2 min

Queer view

In case you hadn’t noticed, Images is a very queer festival, specially this this year, with several local and international queer artists of note. Here are a few highlights.

At A Space, national treasures John Greyson and Stephen Andrews each show new work alongside German superstar Hito Steyerl. Greyson’s piece 14.3 Seconds is an incredibly poignant and imaginative meditation on the US forces’ bombing of the Iraqi film archive. A journalist salvaged from the rubble eight pieces of film totalling merely 14.3 seconds which Greyson acquired. The video consists of a wide range of speculative narratives cobbled together by two fictional characters, a US soldier and an Iraqi translator, given the task of “restoring” the entire archive from the scraps.

Andrews’ work is a selection of some of his stunning drawings based on found digital photographs from the Iraq War. Many of these images are “toxic” in their original forms, almost impossible to look at. Maintaining their power to implicate us, he transforms them through the abstraction of a grid of four-colour dots into objects of reflection, compelling us to, in Andrews’ words, “take it personally.” All three artists excel at reframing, reimagining and recontextualizing found images to create new stories, ideas and feelings (Fri, Mar 28 to May 2, 401 Richmond St W, #110).

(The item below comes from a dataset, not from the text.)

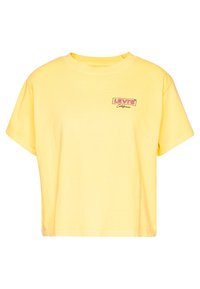 Keltainen lyhythihainen cropped T-paita, jossa on pieni vaaleanpunainen ja musta "Levi's California" -logo vasemmassa ylärinnassa.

Deirdre Logue is represented in the strong, all-women group show Ceremonial Actions at Harbourfront with an installation of her ongoing performance project Rough Count. She has set herself the intentionally impossible task of counting (and recounting) every piece of confetti in a bag. Her bound-to-fail game is spread over eight monitors, each showing Logue on a different counting day at various stages of her obsessive project. The monotony and repetition of her self-imposed task is nicely undercut by her hesitations and mistakes, which remind us that she is an all-too-flawed human and not a calculator (till Sun, Apr 27, 235 Queens Quay W). Nearby at the Power Plant is Sadie Benning‘s two-screen, animated tour-de-force Play Pause and at the Brigantine Room is Winnipeg artist Daniel Barrow’s live animation performance (see story on the Toronto page of

Showing with GB Jones’s The Lollipop Generation (see above) is the delightful stop-action animated short Foodie by Fiona Smyth and Allyson Mitchell. The fest also offers a special performance by legendary New York artist Charles Atlas, the debut of a new collaboration with a fellow New Yorker Alan Licht (9:30pm, Fri, Apr 11 at Workman Theatre, 1001 Queen St W), and screening Atlas’s Hail the New Puritan, a feature on choreographer Michael Clark and 1980s bohemian London (7pm, Wed, Apr 9, Workman). Undertones, the Nelson Henricks‘ video retrospective continues at Gallery 44 (till Sat, Apr 12, 401 Richmond St W, #120; RM Vaughan interviews him at 3pm on Sat, Apr 3). And closing the fest is BH Yael‘s video essay on the environment and apocalypse, Trading the Future (7pm, Apr 13, Workman Theatre).

Finally, look for the jaw-dropping video projection Maid in South Africa by the ferociously iconoclastic South African artist Steven Cohen. The artist somehow convinced his family’s elderly black maid (who has been in their employ for more than half a century) to go about her cleaning routines gussied up like a Las Vegas showgirl, doing a striptease as she motors through her chores. The piece is a spectacular condemnation of racialized economic slavery and an intimate collusion between a man and the woman who raised him (Sat, Apr 5 to May 10 at V-Tape, 401 Richmond St W, # 452).

Cohen’s audacious video is sure to provoke not just gasps but heated debate — just as the Images Festival should.